• AIM OF THE EXERCISE: What is needed is an exact copy of every line from the one with "периодическая таблица элементов" to the end of the entries below, without the pictures.

[Image-caption web data]
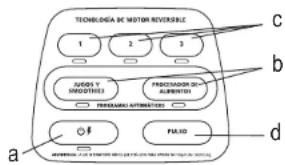 TECHNOLOGIA DE MOTOR REVERSIBLE 1 2 3 JUOS Y IMODITIES PROTEKTADOR DE ALIMENTO PROGRAMA AUTOMESTICS Φ FIAJO a d a NORMA DE LA VENERGIO DE LA CHINA DE LA CHINA DE LA CHINA DE LA CHINA DE LA CHINA DE LA CHINA DE LA CHINA DE LA CHINA DE LA CHINA DE LA CHINA DE LA CHINA DE LA CHINA DE LA CHINA DE LA CHINA DE LA CHINA DE LA CHINA DE LA CHINA DE LA CHINA DE LA CHINA DE LA CHINA DE LA CHINA DE LA CHINA DE LA CHINA DE LA CHINA DE LA CHINA DE LA CHINCA DE LA CHINA DE LA CHINA DE LA CHINA DE LA CHINA DE LA CHINA DE LA CHINA DE LA CHINA DE LA CHINA DE LA CHINA DE LA CHINA DE LA CHINA DE LA CHINA DE LA CHINA DE LA CHINA DE LA CHINA DE LA CHINA DE LA CHINA DE LA CHINA DE LA CHINA DE LA CHINA DE LA CHINA DE LA CHINA DE LA CHINA DE LA CHINA DE LA CHNCA DE LA CHINA DE LA CHINA DE LA CHINA DE LA CHINA DE LA CHINA DE LA CHINA DE LA CHINA DE LA CHINA DE LA CHINA DE LA CHINA DE LA CHINA DE LA CHINA DE LA CHINA DE LA CHINA DE LA CHINA DE LA CHINA DE LA CHINA DE LA CHINA DE LA CHINA DE LA CHINA DE LA CHINA DE LA CHINA DE LA CHINA DE LA CHINA DE LA CINEMA a b c d
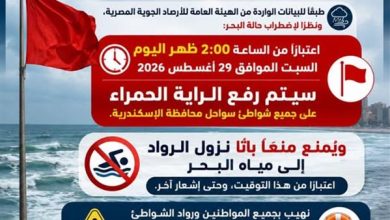 بعد تحذير الارصاد: رفع الراية الحمراء على جميع شواطئ سواحل محافظة الإسكندرية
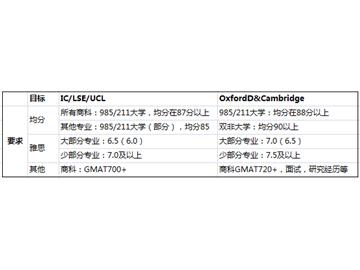 優越北京Michelle：大三升大四申請英國留學，G5大學的留學準備如何做？
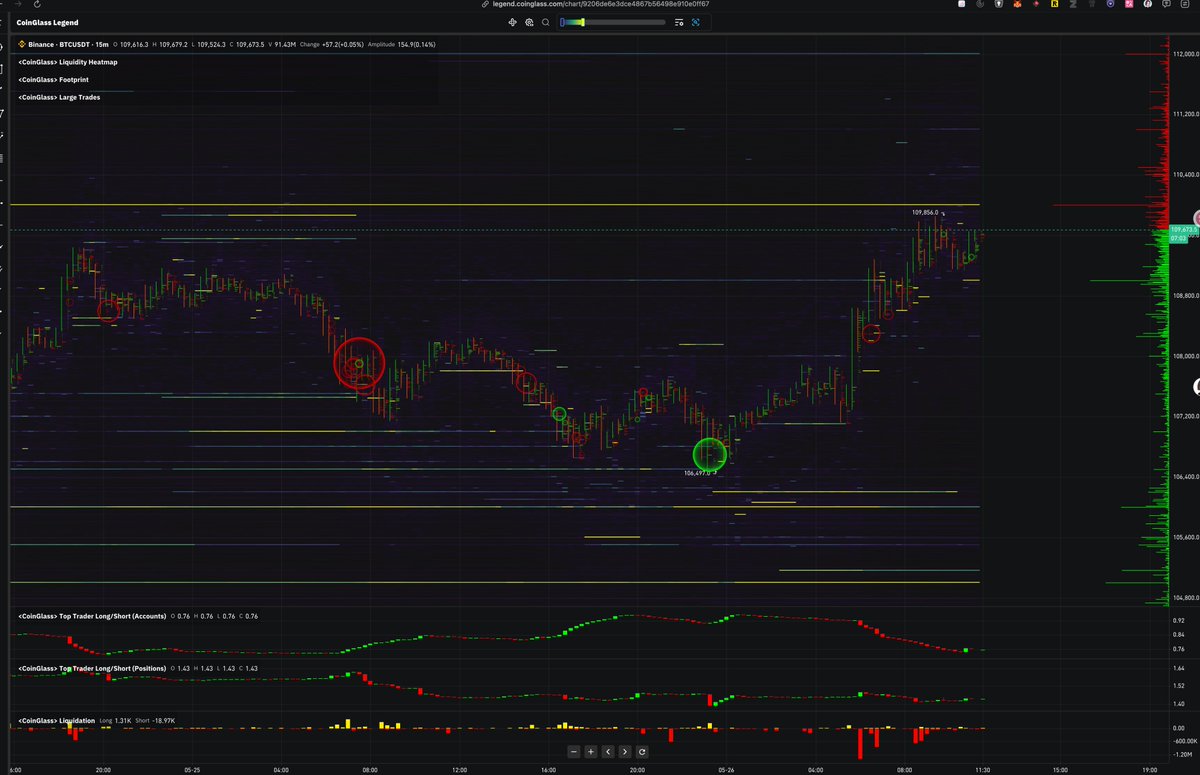 🔥🔥🔥 老牌币圈综合信息平台上线全新研发的K线视图，一图查看流动性地图、足迹图和大额成交，为你的交易提供更多的有价值的参考，快快加入免费公测： legend.coinglass.com/?ref_code=WYRQ…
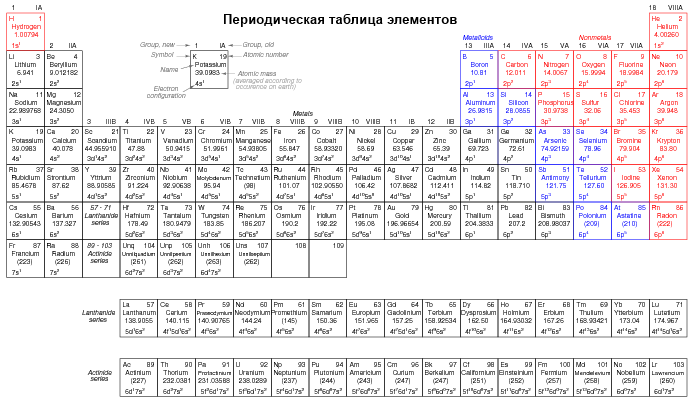 периодическая таблица элементов
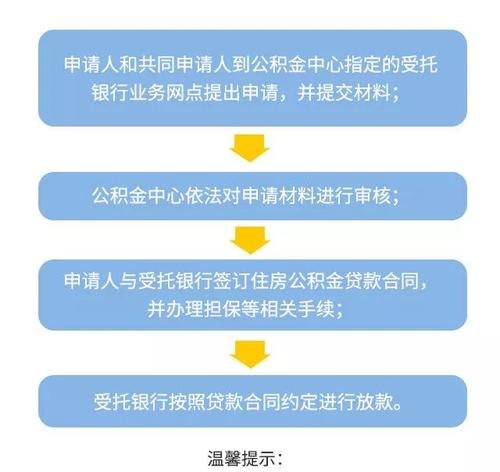  深圳公积金放款流程及深圳公积金放款流程图：详解深圳公积金贷款的申请与放款流程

• WORKED SOLUTION:
 периодическая таблица элементов
  深圳公积金放款流程及深圳公积金放款流程图：详解深圳公积金贷款的申请与放款流程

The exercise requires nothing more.